# Professional clasp hard to open



## asdf205 (Dec 27, 2012)

The clasp on my Emergency seems quite hard to open. It is certainly harder then the clasp of the other professional bracelets I have had in the past. Is there any way to adjust it at all?


----------



## SnapIT (Apr 29, 2005)

Have you tried a very small amount lube like vaseline on the mating points of the clasp. Bending titanium is tough and not easily controlled. The lube may just provide the small amount of relief you're looking for. The other method is to use a lead pencil on the same contact points. An old but good locksmiths trick.


----------



## asdf205 (Dec 27, 2012)

Sorry I should have mentioned it is an Emergency Mission so it has the stainless steel bracelet. What sort of lube would you recommend?


----------



## O2AFAC67 (Feb 8, 2006)

asdf205 said:


> Sorry I should have mentioned it is an Emergency Mission so it has the stainless steel bracelet. What sort of lube would you recommend?

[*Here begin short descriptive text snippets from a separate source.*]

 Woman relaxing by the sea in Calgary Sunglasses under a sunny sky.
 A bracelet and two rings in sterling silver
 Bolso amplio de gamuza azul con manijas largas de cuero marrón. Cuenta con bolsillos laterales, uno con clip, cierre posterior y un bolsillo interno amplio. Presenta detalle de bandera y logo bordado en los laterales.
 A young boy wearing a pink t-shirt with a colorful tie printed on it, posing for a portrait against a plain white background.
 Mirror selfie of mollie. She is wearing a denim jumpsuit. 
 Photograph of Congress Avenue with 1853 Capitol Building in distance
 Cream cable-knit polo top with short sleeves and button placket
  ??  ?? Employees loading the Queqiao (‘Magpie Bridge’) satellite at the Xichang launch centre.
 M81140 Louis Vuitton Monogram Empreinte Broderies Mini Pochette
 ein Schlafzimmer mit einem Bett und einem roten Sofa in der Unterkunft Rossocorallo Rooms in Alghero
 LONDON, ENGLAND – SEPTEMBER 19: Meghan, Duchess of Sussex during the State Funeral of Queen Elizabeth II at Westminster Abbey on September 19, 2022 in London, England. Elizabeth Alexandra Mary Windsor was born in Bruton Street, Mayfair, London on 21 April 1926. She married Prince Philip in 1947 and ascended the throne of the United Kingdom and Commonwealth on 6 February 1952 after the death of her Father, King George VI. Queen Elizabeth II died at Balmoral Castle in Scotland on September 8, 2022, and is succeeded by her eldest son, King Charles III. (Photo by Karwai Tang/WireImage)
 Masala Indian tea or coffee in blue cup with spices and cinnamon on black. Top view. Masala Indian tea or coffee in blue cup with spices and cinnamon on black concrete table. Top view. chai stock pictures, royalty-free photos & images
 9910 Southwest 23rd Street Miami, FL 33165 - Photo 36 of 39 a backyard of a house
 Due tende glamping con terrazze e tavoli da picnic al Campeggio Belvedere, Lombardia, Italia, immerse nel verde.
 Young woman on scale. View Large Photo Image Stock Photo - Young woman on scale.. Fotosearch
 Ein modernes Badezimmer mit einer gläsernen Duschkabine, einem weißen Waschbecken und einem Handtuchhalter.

Same as SnapIt mentioned for the titanium E, vaseline or the graphite from a pencil lead. You didn't mention whether the tightness was the clasp itself (T-bar fit) or the safety latch which is released with your fingernail. If it is the safety latch, SnapIt's advice is perfect. If it is the clasp itself, you may need to also read this sticky post from our "Articles" section above this forum... https://www.watchuseek.com/f39/deployant-clasp-adjustment-procedure-241590.html
Hope this helps. 
Best,
Ron


----------